**Work request:**
Your copy should hold every record verbatim and none of the pictures.

**Records for the task:**
_ _ _

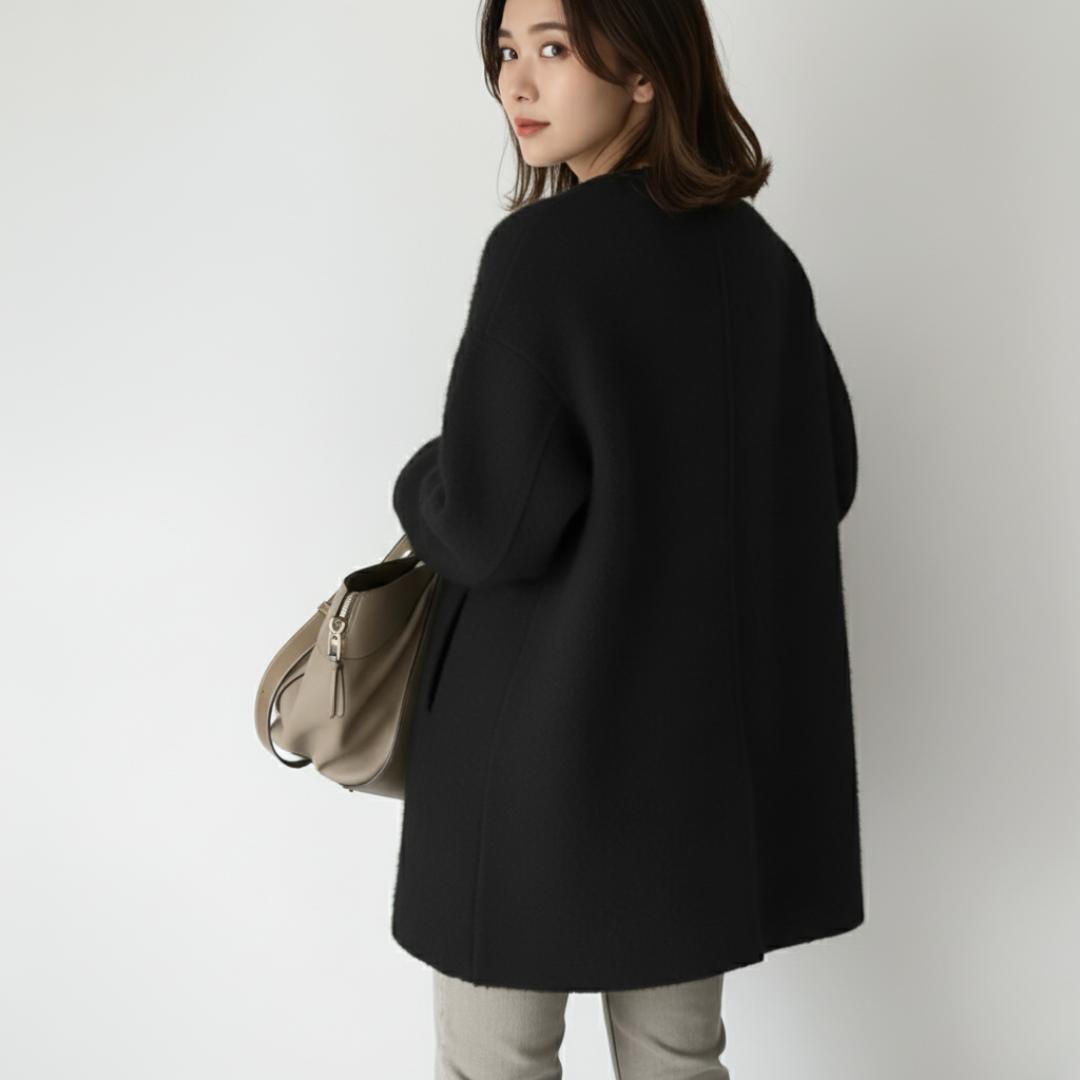 Women’s Long Knit Coatigan – Soft Buttoned Cardigan Jacket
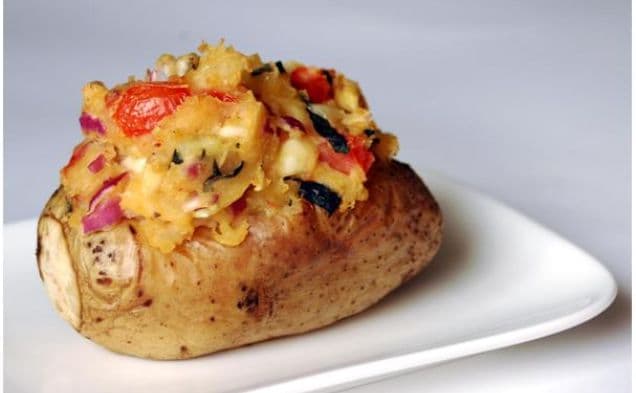 Bruschetta Stuffed Potatoes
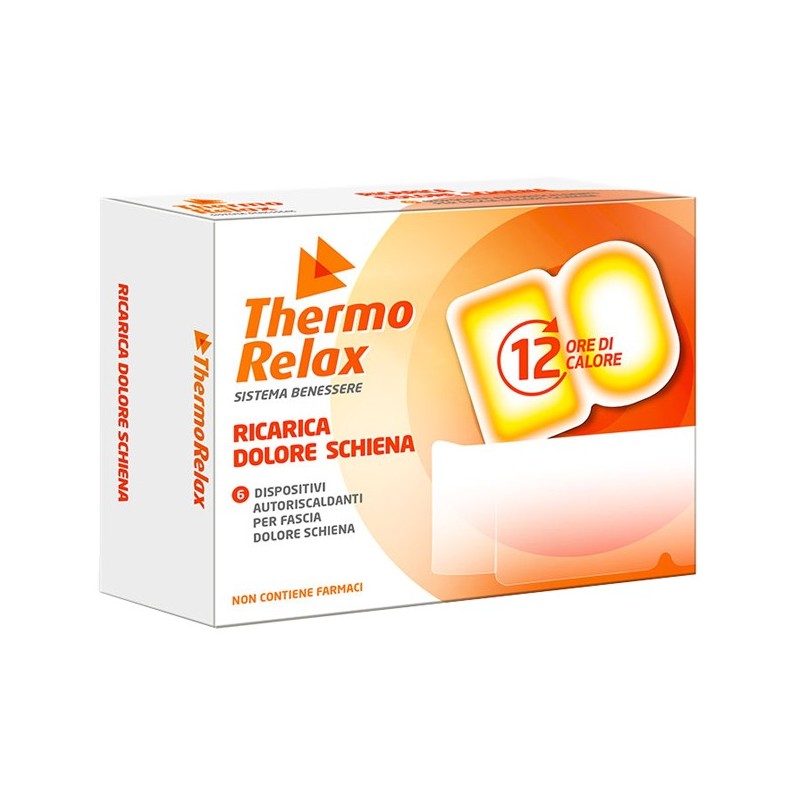 THERMORELAX RICARICA PER FASCIA DOLORE LOMBARE 6 DISPOSITIVI AUTORISCALDANTI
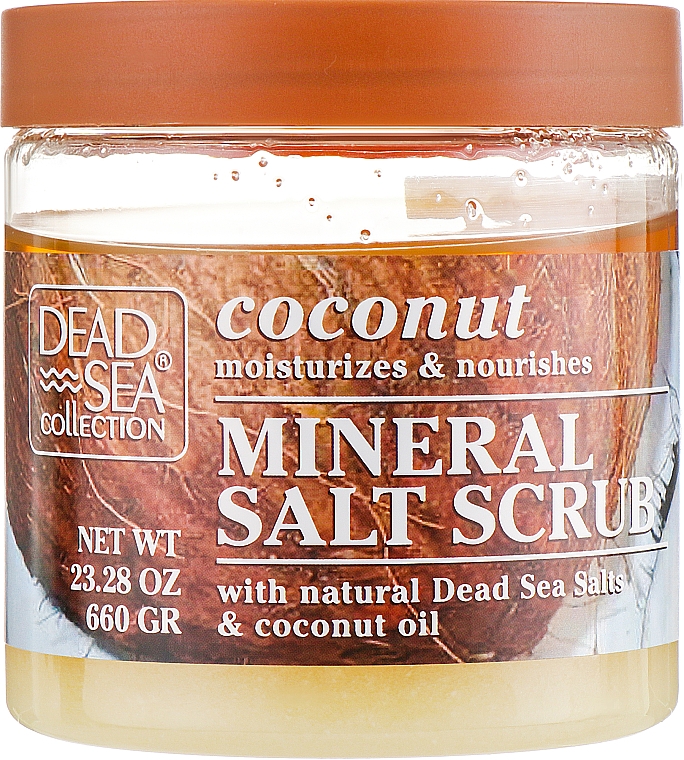 Körperpeeling mit Mineralien aus dem Toten Meer und Kokosöl - Dead Sea Collection Coconut Salt Scrub — Bild N1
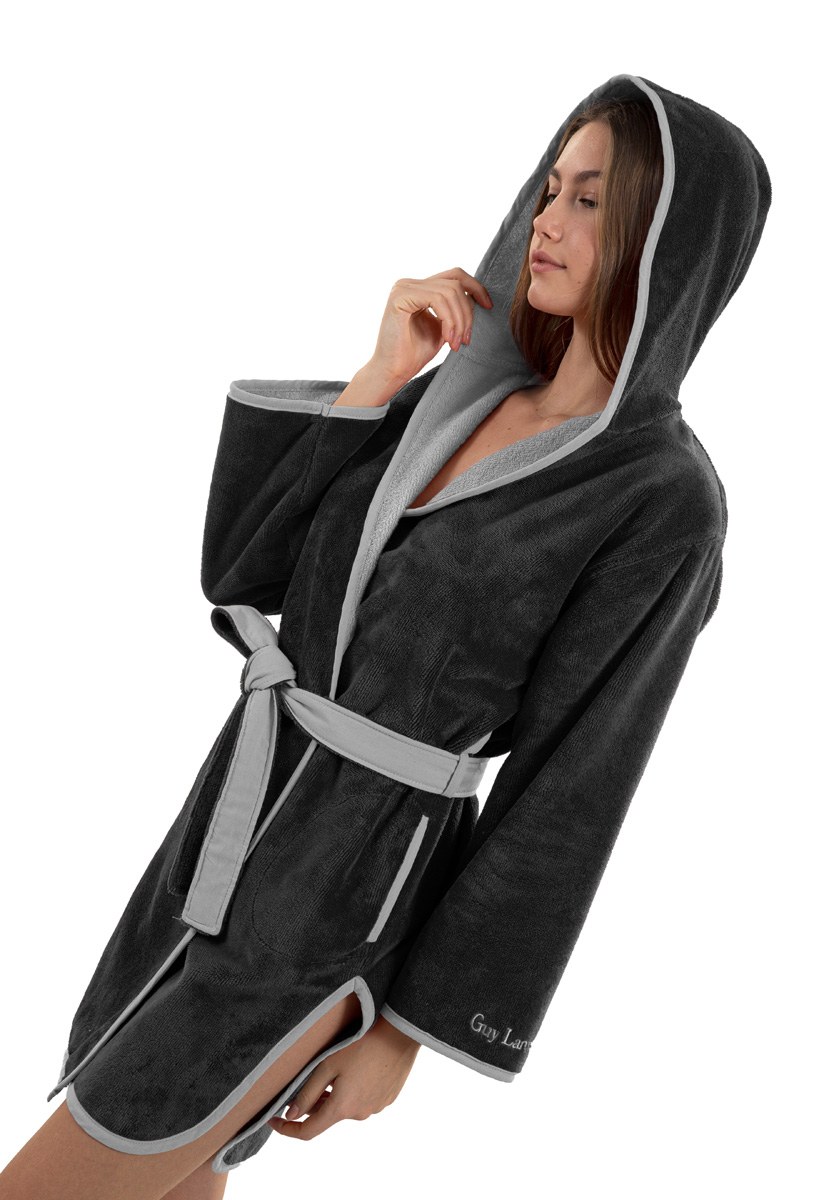 Μπουρνούζι Guy Laroche New Comfy Black SMALL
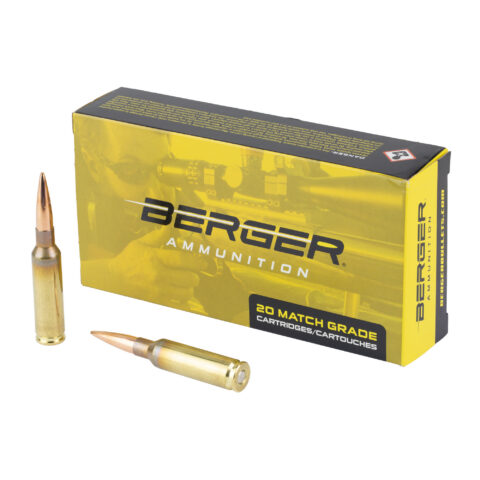 Berger Long Range Hybrid Target 6.5 Creedmoor 144gr Match / OTM, 20 Rounds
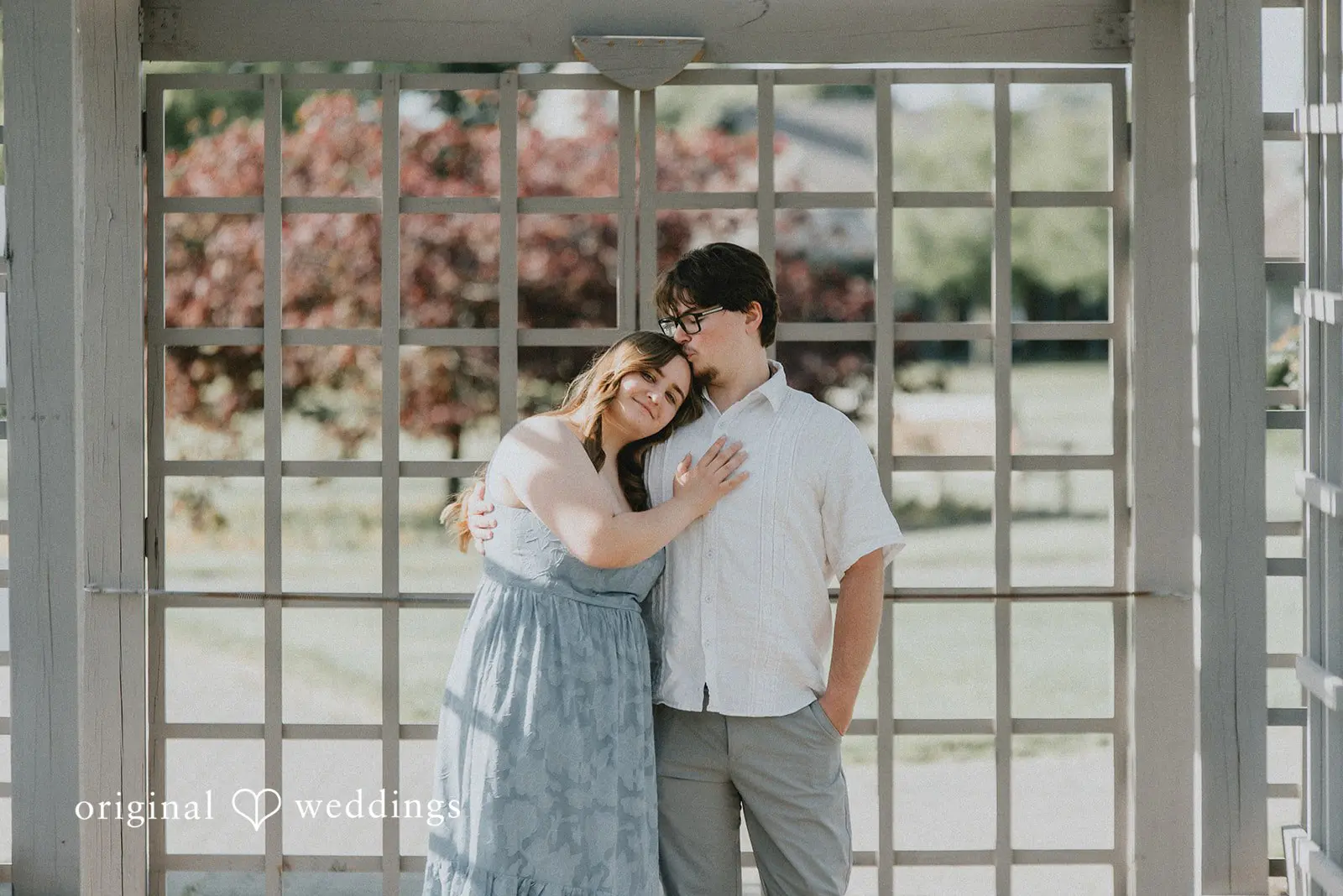 Riley + Ethan Cox Arboretum Engagement // Riley & Ethan -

_ _ _

**Solved problem:**
 Women’s Long Knit Coatigan – Soft Buttoned Cardigan Jacket
 Bruschetta Stuffed Potatoes
 THERMORELAX RICARICA PER FASCIA DOLORE LOMBARE 6 DISPOSITIVI AUTORISCALDANTI
 Körperpeeling mit Mineralien aus dem Toten Meer und Kokosöl - Dead Sea Collection Coconut Salt Scrub — Bild N1
 Μπουρνούζι Guy Laroche New Comfy Black SMALL
 Berger Long Range Hybrid Target 6.5 Creedmoor 144gr Match / OTM, 20 Rounds
 Riley + Ethan Cox Arboretum Engagement // Riley & Ethan -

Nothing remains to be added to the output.